Images in Stone - Photography, Animated Landscapes

           
            Common in the old “funny animal” comic-books was a page where a drawing of a landscape, with much line work, had objects hidden in it that the viewer was asked to find.  “Help Grandma Duck Find Her Farm Tools,”  “Save Mickey from the Hidden Animals in the Woods.”  And you’d have to search the trees, bushes, houses and barns to discover the hidden objects whose outlines were obscured in the intricate drawing. 
            Father Guido Sarducci of Saturday Night Live (the comedian Don Novello) made a joke of this activity when he held up a large picture of a pizza and challenged the viewers to “Find the Popes in the pizza!”  Of course, it was just a pizza with nothing hidden (at least I never saw anything) which made the task even funnier.  (If real it might have become an ad line as good as “Where’s the beef?”) 
            All this brings us to pictures of big rocks.  I like to take such photos for the color, the texture, and sometimes even the ghostly images that seem to lurk in them.  Interestingly, I usually don’t notice such images until after the photograph is taken and seen in 2-D, and often when changed from color to black and white.  I don’t look for them while photographing, but there on the computer screen suddenly—good gosh, would you look at that? 
            These images are of boulders, cliffs, crevasses, erosion, but when the imagination gets a hold of them and plays with how they appear, then who knows what might be observed in the creative interaction between our minds and all that dead material “out there.”  We impose on what we see, or, as Wordsworth said in Tintern Abbey, “half create” what we perceive.
            Add good-humored titles and you’ll see what I mean. 
            These rocks look like stuffed sagging faces:

 
“My hat is crooked.”  “My chin droops.”

            The next picture was taken because the rock seemed somehow appealing, the composition balanced, appropriate for an unidentified “gut” feeling.  But after changing it to B&W, the title jumped out immediately.

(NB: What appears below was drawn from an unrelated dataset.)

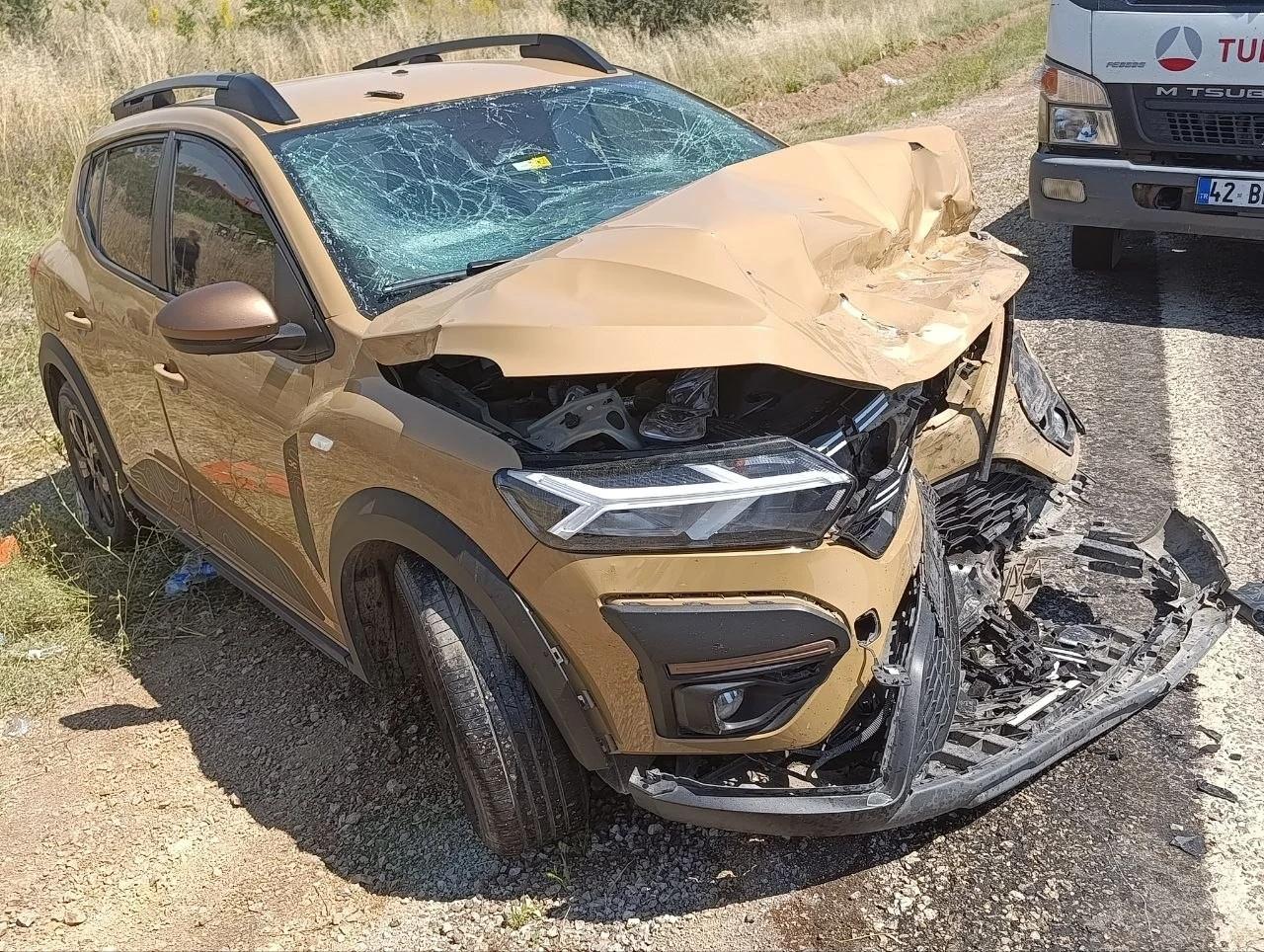 Beyşehir son dakika trafik kazası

“Let the Sleeping Dog Lie.”

            And this hard rock cliff suggests the soft and cuddly: 

 
“Kitten in Stone”

            Too bad no grass blades grew there for whiskers. 
            And the following was interpreted in one quick word. 

“Feet”

            I also used “Teeth” for sharp stones in tundra, “Emaciated Fingers” for narrow mounds between ruts in badlands, and “The Beartooth” for a crag that really does have that name.
And finally, my favorite:

                                                 “Rain Makes Me Scowl”

            Such a grumpy old sourpuss deserves that dribble irritating his face. 
            We half create what we see.  We impose interpretations.  Our minds and our memories drown our surroundings, sometimes preventing any chance for objectivity.  Now that we “see” those clownish doughboys, that dog, that kitten, those feet, that squeezed cranky petulant frown, it’s hard to notice anything else.  The landscapes are changed without our even asking, and we can’t get back to a bare slate. 
            Do we really see, or are we lost in a funhouse of reflections and projections? 
            Oh, by the way, if you come across any Popes in pizzas out there, or even in rock formations, do let me know. 
         
(The first two photos were taken in Arches National Park, UT; the third and last in Old Man’s Cave State Park, OH; and the fourth at a rest stop off Interstate 70 on the San Rafael Reef, UT.)